A system for identification of video content in a video signal is
provided via the use of closed caption or other data in a video signal or
transport stream such as MPEG-x. Sampling of the received video signal or
transport stream allows capture of dialog from a movie or video program.
The captured dialog is compared to a reference library or database for
identification purposes. Other attributes of the video signal or
transport stream may be combined with closed caption data or closed
caption text for identification purposes. Example attributes include time
code information, histograms, and or rendered video or pictures.
1. A system for identifying video program material in a video signal
comprising: a database of closed caption signals or closed caption text;
an input for receiving the video signal; a reader circuit receiving the
video signal via the input, wherein the reader circuit provides a closed
caption signal or closed caption text; and a comparing function/circuit
for comparing the read closed caption signal or closed caption text to
the database of closed caption signals or closed caption text, for
identification of the video program material.
2. The system of claim 1 further comprising: a time code data base linked to the closed caption signal or text database and a time code reader to provide time code from the received video signal; and wherein the comparing function/circuit includes comparing the time code linked to a portion of the closed caption signal or closed caption text from the data base and the time code linked to a portion of the closed caption signal or closed caption text from the received video signal.
3. The system of claim 1 further comprising: a histogram database containing histogram information of one or more video field or frame, which is linked to the closed caption signal or closed caption text.
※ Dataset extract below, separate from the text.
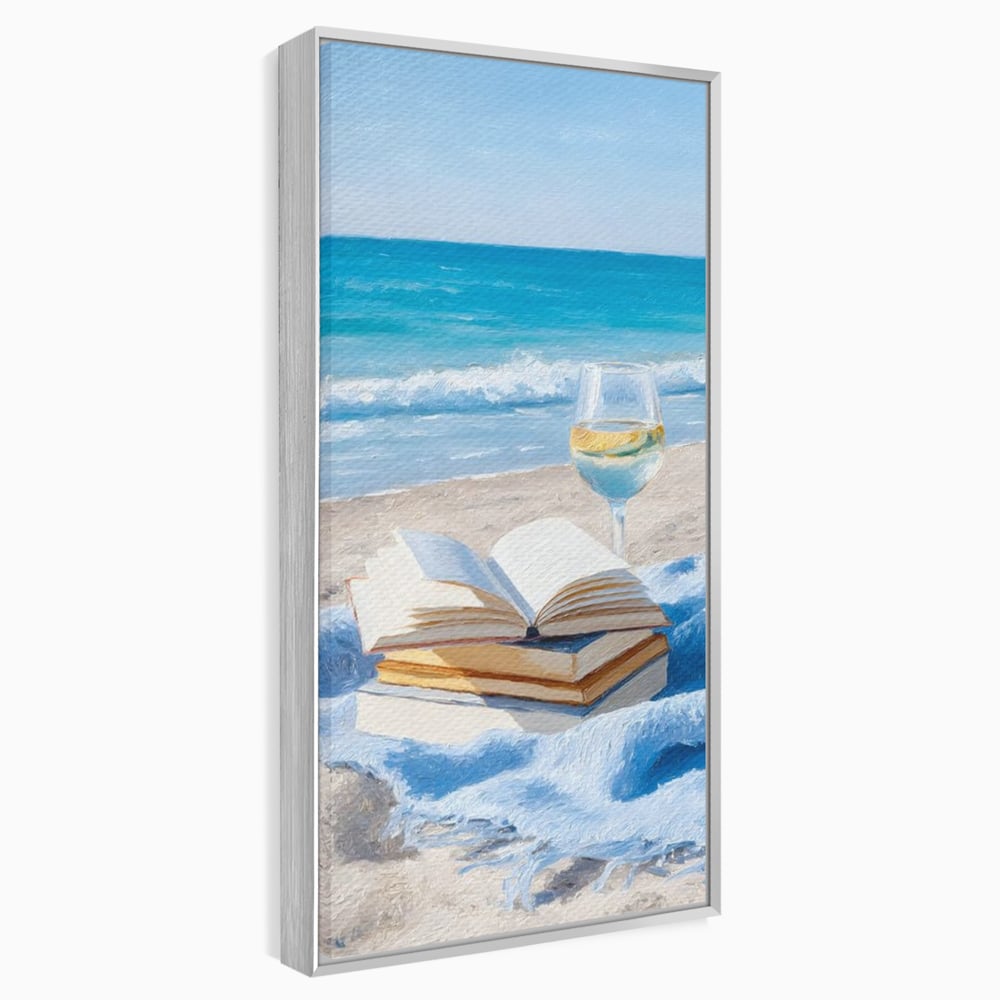 Tablou canvas cu pictura cu carti si pahar de vin pe plaja, in rama de aluminiu argintiu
4. The system of claim 3 wherein the histogram information includes luminance values.
5. The system of claim 3 wherein the histogram information includes coefficients of Wavelet, Fourier, Cosine, DCT, and or Radon transforms.
6. The system of claim 1 further comprising: a database of rendered movies or video programs which are compared to the received video program material that is rendered for identifying the video program material.
7. The system of claim 6 wherein a gradient or Laplacian transform provides the function of rendering.
8. A method of identifying video program material in a video signal comprising: providing a database of closed caption signals or closed caption text; supplying the video signal to a reader, wherein the reader provides a read closed caption signal or closed caption text; and comparing the read closed caption signal or closed option text to the database of closed caption signals or closed caption text, for identification of the video program material.
9. The method of claim 8 further comprising: reading time code from the received video signal via a time code database linked to the closed caption signal or closed caption text database; and comparing the time code linked to a portion of the closed caption signal or closed caption text from the database, with the time code linked to a portion of the closed caption signal or closed caption text from the received video signal.
10. The method of claim 8 further comprising: providing histogram information of one or more video field or frame which is linked to the closed caption signal or closed caption text.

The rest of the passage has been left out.